By Michael Calia
Reynolds American Inc. agreed to acquire Lorillard Inc. in a
cash-and-stock deal worth about $25 billion, the companies said
Tuesday.
The deal combines Reynolds' Camel and Pall Mall cigarettes with
Lorillard's popular Newport menthol brand to create a more powerful
No. 2 to U.S. industry leader Altria Inc., maker of Marlboro.
Reynolds expects to have more than $11 billion in revenue and about
$5 billion in operating income after the deal.
Additionally, Reynolds American said it reached a deal to sell
the Kool, Salem, Winston, Maverick and Blu eCigs brands and other
assets to Imperial Tobacco Group PLC for $7.1 billion in cash.

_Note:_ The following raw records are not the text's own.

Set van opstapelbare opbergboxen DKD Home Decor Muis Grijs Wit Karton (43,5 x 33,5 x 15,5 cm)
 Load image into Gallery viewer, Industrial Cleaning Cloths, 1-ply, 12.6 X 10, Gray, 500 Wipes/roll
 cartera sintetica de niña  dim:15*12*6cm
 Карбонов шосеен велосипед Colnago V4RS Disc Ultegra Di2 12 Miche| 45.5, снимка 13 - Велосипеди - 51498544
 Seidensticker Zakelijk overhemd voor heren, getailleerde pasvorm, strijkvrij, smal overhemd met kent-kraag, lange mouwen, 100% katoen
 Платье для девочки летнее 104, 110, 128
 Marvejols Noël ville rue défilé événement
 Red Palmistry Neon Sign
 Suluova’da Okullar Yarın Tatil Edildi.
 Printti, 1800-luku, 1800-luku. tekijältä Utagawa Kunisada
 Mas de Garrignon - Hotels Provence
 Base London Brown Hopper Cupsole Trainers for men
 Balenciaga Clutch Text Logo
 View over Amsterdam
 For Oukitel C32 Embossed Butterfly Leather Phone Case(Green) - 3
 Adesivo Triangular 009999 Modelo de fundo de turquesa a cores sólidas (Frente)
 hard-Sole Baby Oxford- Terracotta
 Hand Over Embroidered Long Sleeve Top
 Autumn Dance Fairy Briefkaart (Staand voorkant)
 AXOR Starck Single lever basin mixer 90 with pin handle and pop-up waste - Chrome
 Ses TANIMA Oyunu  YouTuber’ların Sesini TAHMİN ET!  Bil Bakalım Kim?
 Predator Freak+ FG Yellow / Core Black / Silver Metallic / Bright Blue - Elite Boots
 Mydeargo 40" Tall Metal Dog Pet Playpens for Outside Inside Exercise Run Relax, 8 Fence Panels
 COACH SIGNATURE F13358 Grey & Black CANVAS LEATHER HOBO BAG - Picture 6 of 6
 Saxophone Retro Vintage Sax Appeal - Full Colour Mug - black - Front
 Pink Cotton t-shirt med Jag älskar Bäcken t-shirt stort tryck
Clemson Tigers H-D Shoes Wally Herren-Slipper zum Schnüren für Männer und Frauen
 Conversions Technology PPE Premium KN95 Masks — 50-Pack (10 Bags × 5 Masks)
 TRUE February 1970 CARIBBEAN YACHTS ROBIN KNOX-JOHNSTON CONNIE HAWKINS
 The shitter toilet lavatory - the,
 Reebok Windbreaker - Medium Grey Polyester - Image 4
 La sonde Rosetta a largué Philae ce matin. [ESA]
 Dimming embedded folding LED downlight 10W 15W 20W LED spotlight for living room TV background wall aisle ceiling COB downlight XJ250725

Reynolds said it expects to receive $4.4 billion in proceeds after
taxes. Selling the brands is aimed at easing the antitrust scrutiny
that the deal may face.
The potential combination comes as tobacco majors try to
increase scale and cut costs amid a yearslong decline in U.S.
cigarette consumption, including an estimated 4% contraction last
year, even as profits remain robust. Two rare pockets of growth in
the $100 billion U.S. tobacco market are e-cigarettes and menthol
cigarettes. Lorillard is the market leader in both.
Under the terms, Lorillard shareholders will receive $50.50 in
cash and 0.29 Reynolds shares in exchange for each Lorillard share,
a value of $68.88 per share. Including the assumption of debt, the
deal is valued at $27.4 billion, the companies said.
The potential tie-up faces significant risks, including tough
antitrust scrutiny. The U.S. Food and Drug Administration is also
weighing a possible crackdown on menthol cigarettes, which fuel
more than 80% of Lorillard's sales, after the agency banned all
other cigarette flavors in 2009.
Reynolds and Lorillard have a combined stock-market
capitalization of more than $50 billion. Altria has roughly 50% of
the U.S. cigarette market. Reynolds and Lorillard have roughly 25%
and 15% U.S. market shares, respectively, before any
divestitures.
Lorillard's crown jewel is Newport, whose share of the U.S.
cigarette market rose from 9.7% in 2008 to 12.2% last year,
trailing only Marlboro, according to Euromonitor. The leading
menthol brand also skews younger than most brands, giving Lorillard
a 22.5% share of consumers aged 18 to 25, RBC Capital Markets
recently estimated.
Imperial Tobacco, which has around a 3% share of U.S. cigarette
sales, largely behind its USA Gold discount brand, is being
enlisted to allay antitrust concerns and help finance the deal.